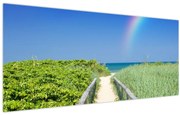 Obraz - Krajina a dúha (120x50 cm)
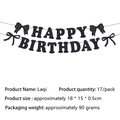 Detail of black glitter Happy Birthday banner with product specifications and dimensions - Happy Birthday Banner / Black
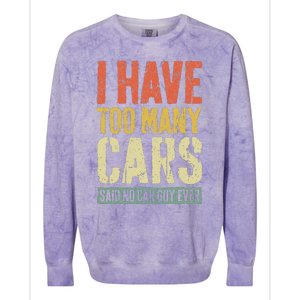 I Have Too Many Cars T Car Guy Car Collector Colorblast Crewneck Sweatshirt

=-=-=-=-=

#### TASK TO CARRY OUT:
Skip all pictures. Then give again, exactly, each line from the line holding "Detail of black" through the last line of the listing above, both ends included.

#### RESPONSE BELOW:
 Detail of black glitter Happy Birthday banner with product specifications and dimensions - Happy Birthday Banner / Black
 I Have Too Many Cars T Car Guy Car Collector Colorblast Crewneck Sweatshirt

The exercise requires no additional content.